For corrections, factual disputes, takedown requests, or general feedback, email [email protected] . Include a link to the page in question and a citation to the source you believe is correct. I read every email, though I cannot guarantee a response time.

Editorial decisions — what to summarize, how to characterize a legal proceeding, how to handle the appearance of an uncharged individual in a document — are mine. I am open to being persuaded by a well-sourced correction, but I do not take down accurate characterizations of public proceedings on request.

Independence and disclosure

I have no professional, financial, or personal relationship with any party named in the documents in the corpus — survivors, defendants, accused individuals, prosecutors, attorneys, judges, or institutions. I have not been retained, contacted, or compensated by any law firm, advocacy group, journalist, or political organization connected to this case. If that changes, I will disclose it on this page.

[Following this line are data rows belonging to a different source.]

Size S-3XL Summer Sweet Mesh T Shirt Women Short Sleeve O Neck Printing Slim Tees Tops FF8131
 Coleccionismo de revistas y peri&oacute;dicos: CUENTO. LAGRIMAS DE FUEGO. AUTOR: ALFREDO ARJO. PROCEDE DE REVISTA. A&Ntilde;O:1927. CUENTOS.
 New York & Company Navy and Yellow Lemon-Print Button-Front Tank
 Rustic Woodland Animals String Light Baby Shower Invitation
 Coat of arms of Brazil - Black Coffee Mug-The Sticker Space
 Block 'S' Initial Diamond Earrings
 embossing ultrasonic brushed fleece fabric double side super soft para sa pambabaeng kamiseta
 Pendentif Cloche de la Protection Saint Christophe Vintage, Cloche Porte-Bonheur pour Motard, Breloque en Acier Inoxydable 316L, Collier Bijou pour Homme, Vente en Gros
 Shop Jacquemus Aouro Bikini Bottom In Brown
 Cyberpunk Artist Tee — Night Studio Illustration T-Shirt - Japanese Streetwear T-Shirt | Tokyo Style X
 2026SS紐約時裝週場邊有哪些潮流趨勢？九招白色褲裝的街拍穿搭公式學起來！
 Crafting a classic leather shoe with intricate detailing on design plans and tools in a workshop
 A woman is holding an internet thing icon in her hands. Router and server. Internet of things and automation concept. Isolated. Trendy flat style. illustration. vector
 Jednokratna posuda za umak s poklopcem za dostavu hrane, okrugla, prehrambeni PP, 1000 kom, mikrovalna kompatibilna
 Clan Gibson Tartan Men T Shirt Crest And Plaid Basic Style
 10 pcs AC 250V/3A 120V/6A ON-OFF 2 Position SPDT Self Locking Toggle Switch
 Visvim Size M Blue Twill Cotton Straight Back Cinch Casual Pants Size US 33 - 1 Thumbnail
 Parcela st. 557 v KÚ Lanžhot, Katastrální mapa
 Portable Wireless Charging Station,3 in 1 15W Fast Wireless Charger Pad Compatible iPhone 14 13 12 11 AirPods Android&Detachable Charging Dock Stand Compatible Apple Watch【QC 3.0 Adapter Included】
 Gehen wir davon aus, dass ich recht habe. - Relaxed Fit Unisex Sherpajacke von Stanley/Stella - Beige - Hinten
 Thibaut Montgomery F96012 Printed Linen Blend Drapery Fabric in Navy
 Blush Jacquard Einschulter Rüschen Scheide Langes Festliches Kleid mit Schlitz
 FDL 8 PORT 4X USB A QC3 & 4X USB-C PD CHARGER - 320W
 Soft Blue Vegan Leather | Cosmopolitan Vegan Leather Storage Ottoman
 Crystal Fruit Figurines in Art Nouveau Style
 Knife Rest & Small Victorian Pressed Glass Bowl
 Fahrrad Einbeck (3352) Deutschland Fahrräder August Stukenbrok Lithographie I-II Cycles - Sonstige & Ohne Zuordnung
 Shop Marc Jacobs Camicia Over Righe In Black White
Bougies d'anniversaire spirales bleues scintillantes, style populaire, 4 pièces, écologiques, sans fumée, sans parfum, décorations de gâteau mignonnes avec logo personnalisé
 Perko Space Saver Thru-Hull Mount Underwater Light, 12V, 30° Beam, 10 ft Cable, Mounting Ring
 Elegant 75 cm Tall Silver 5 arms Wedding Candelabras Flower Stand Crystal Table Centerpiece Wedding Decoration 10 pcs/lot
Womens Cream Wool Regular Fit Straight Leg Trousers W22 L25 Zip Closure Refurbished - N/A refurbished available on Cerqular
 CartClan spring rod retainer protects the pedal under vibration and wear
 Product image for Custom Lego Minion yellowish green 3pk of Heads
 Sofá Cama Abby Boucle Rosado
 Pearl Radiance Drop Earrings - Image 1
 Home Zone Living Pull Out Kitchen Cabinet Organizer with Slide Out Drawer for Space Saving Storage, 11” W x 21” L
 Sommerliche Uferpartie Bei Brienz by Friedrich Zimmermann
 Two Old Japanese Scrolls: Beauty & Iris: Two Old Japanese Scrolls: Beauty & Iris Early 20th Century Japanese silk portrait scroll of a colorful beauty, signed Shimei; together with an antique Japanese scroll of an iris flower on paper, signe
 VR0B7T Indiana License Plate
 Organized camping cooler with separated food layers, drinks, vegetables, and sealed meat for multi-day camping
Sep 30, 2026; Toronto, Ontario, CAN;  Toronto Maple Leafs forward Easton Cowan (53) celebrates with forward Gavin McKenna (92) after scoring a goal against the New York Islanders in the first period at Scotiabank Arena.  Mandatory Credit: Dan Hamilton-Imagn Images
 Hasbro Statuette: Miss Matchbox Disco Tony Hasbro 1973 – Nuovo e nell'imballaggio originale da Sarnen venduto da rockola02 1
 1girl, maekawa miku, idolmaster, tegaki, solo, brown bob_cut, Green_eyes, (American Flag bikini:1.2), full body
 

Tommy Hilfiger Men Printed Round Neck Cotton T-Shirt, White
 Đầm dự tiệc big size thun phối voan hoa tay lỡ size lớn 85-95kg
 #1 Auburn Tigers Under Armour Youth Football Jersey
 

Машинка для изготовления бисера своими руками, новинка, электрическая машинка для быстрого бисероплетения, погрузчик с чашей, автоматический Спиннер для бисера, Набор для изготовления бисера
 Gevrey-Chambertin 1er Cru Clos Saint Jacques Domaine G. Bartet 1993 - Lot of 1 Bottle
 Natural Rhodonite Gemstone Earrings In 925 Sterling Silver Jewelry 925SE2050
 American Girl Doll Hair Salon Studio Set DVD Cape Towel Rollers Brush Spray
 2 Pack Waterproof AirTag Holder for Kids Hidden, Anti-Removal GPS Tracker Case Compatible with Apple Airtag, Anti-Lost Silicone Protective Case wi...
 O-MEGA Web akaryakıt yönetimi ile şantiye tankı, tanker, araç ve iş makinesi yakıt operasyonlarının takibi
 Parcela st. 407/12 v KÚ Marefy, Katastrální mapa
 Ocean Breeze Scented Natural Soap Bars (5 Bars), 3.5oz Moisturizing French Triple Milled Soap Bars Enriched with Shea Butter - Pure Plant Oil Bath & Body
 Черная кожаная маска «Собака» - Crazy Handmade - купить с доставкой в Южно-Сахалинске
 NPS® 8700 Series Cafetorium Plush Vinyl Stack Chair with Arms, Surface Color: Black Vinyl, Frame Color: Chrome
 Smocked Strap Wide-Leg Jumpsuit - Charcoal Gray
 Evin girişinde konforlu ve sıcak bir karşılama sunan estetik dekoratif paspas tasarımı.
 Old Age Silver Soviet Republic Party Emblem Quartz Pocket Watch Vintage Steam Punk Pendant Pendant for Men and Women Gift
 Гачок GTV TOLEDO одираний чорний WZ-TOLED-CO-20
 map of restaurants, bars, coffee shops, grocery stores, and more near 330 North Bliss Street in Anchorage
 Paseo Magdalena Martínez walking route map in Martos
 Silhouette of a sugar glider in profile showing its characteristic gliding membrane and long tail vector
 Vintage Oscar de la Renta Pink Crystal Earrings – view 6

The dataset on which the assistant is built — Nikity/Epstein-Files on HuggingFace — is a third-party aggregation of public materials. I did not assemble the corpus; I indexed it. If the upstream dataset is corrected or expanded, this site will re-index in due course. See the dataset and corpus page for a longer discussion.

Code and reproducibility

This site is built on open infrastructure: Python (FastAPI, LangChain) for the backend, Astro and React for the frontend, Pinecone for the vector index, OpenAI for embeddings, Cohere for reranking, and Groq for inference. The application code is independent of the dataset itself. If you want to verify how chat answers are produced — what prompt the model sees, what passages are retrieved, how citations are injected — read the methodology pages , which describe the system without marketing.